SOTA results on optical flow and monocular depth estimation

Our model achieves state-of-the-art results on the public test benchmark for optical flow estimation on KITTI and for monocular depth estimation on NYU.
Table 1: Flow pre-training results
Table 2: Flow fine-tuning results
Zero-shot optical flow estimation results on Sintel and KITTI are shown in Table 1. We provide a new RAFT baseline using our proposed pre-training mixture and substantially improve the accuracy over the original. Our diffusion model outperforms even this much stronger baseline and achieves state-of-the-art zero-shot results on and KITTI. Table 2 shows results on the official test benchmarks for Sintel and KITTI for a model fine-tuned on a standard fine-tuning mixture. Our model achieves an Fl-all outlier rate of 3.26% on the public KITTI test benchmark, ~25% lower than the best published method.
Table 3: Monocular depth estimation results
On the task of monocular depth estimation, our method achieves a state-of-the-art absolute relative error of 0.074 on the indoor NYU dataset and a competitive absolute relative error of 0.055 on the KITTI dataset.

Synthetic training data

AutoFlow (AF) has recently emerged as an effective dataset for optical flow pre-training. Interestingly, we find that diffusion models trained with AutoFlow alone tend to provide very coarse flow estimates and can hallucinate shapes. The addition of FlyingThings (FT), Kubric (KU), and TartanAir (TA) remove the AF-induced bias toward polgonal-shaped regions, and significantly improve flow quality on fine detail, e.g. trees, thin structures, and motion boundaries.
Table 4: Pre-training datasets ablation for zero-shot flow estimation.
Table 5: Pre-training datasets ablation for fine-tuning performance on NYU depth v2.
Tables 4 and 5 show that adding synthetic data during pre-training substantially improves results for both zero-shot optical flow estimation and fine-tuning performance on monocular depth estimation.

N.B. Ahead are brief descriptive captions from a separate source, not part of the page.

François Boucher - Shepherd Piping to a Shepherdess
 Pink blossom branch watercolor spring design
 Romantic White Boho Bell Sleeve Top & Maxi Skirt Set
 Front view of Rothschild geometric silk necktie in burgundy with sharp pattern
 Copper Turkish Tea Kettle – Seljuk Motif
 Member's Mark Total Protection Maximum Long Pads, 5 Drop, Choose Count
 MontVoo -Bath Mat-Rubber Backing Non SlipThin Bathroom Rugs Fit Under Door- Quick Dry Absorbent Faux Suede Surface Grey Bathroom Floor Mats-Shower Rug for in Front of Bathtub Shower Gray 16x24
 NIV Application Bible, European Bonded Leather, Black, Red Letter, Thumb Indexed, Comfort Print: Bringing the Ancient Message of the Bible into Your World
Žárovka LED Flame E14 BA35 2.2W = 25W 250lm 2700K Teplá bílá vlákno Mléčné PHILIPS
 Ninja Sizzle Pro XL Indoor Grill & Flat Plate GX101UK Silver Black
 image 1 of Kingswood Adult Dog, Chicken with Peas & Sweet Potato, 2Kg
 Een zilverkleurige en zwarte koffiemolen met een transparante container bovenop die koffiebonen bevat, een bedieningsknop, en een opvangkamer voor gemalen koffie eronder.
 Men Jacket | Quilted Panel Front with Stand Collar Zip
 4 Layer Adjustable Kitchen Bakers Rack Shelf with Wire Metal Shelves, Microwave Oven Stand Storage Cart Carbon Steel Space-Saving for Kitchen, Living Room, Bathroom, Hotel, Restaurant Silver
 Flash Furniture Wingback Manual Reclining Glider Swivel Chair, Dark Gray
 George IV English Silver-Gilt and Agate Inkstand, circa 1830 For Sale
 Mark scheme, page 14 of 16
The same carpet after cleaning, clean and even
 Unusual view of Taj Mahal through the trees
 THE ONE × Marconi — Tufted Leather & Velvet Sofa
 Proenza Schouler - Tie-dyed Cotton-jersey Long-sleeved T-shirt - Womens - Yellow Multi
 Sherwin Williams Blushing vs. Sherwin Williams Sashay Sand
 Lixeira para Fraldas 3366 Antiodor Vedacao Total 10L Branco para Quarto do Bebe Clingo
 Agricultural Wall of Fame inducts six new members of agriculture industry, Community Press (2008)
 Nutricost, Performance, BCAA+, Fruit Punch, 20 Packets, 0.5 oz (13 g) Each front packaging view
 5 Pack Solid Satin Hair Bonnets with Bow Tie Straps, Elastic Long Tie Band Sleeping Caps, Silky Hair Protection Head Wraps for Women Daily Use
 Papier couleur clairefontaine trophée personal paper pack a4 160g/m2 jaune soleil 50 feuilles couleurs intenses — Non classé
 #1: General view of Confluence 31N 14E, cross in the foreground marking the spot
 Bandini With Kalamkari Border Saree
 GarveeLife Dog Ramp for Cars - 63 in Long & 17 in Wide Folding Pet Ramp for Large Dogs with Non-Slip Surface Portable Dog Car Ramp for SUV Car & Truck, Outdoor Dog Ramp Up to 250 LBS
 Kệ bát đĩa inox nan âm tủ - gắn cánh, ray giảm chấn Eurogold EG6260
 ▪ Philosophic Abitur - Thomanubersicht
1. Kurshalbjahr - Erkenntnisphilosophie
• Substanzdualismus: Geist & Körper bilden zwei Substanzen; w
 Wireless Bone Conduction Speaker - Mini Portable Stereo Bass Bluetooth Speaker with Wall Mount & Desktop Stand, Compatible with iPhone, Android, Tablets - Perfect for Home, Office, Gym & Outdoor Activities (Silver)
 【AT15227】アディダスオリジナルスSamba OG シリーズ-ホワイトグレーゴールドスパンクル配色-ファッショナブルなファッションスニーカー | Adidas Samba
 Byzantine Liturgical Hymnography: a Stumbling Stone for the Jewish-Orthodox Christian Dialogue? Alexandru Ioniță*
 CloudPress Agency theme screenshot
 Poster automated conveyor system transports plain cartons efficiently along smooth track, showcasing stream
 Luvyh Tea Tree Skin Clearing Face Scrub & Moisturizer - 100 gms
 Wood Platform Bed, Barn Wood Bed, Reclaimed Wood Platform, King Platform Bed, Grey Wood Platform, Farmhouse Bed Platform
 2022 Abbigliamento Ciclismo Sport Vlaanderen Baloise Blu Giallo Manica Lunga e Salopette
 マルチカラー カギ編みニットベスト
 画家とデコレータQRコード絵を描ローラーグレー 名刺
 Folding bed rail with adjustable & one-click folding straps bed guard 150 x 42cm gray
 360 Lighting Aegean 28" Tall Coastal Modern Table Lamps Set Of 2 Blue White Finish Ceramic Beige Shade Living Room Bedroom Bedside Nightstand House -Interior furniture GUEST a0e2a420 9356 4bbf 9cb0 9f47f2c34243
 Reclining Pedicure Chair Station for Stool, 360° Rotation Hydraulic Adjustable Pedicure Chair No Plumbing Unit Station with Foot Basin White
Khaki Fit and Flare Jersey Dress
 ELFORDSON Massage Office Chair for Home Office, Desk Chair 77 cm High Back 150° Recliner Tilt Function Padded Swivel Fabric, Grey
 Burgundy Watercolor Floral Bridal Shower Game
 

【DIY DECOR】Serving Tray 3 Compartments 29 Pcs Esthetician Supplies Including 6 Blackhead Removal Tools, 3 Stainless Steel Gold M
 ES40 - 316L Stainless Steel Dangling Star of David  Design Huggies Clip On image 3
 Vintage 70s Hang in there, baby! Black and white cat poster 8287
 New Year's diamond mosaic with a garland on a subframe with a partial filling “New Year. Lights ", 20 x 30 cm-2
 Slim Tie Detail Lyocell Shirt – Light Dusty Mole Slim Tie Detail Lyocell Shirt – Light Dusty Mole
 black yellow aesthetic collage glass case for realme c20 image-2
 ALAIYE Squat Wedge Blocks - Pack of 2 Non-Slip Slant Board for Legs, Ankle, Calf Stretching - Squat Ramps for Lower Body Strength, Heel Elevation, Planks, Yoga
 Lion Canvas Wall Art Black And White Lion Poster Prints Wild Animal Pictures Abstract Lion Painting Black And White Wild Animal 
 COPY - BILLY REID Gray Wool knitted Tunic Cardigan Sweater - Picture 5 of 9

Modified diffusion training for sparse label maps

Denoising diffusion training with infilling and step-unrolling
Given the presence of holes (missing labels) in groundtruth flow and depth data, the usual diffusion model training approach involving adding gaussian noise to the groundtruth label does not work due a training / inference distribution gap. To mitigate this, we first infill missing values using interpolation. Then, we add noise to the label map and train a neural network to model the conditional distribution of the noise given the RGB image(s), noisy label, and time stamp. One can optionally unroll the denoising step(s) during training (with stop gradient) to bridge the distribution gap between training and inference for yt.
Table 6: Ablation for infilling and step-unrolled training.
As the results in Table 6 show, simple nearest neighbor interpolation and step-unrolling effectively mitigate this problem.

Multimodal predictions

One strength of diffusion models is their ability to capture complex multimodal distributions. This can be effective in representing uncertainty, for example, in cases of transparent, translucent, or reflective cases. Above figure shows multiple samples on the NYU, KITTI, and Sintel datasets, showing that our model captures multimodality and provides plausible samples when ambiguities exist.

Zero-shot coarse to fine refinement

For our pretrained model, refinement helps correct wrong flow and adds details to correct flow as shown in the figure above.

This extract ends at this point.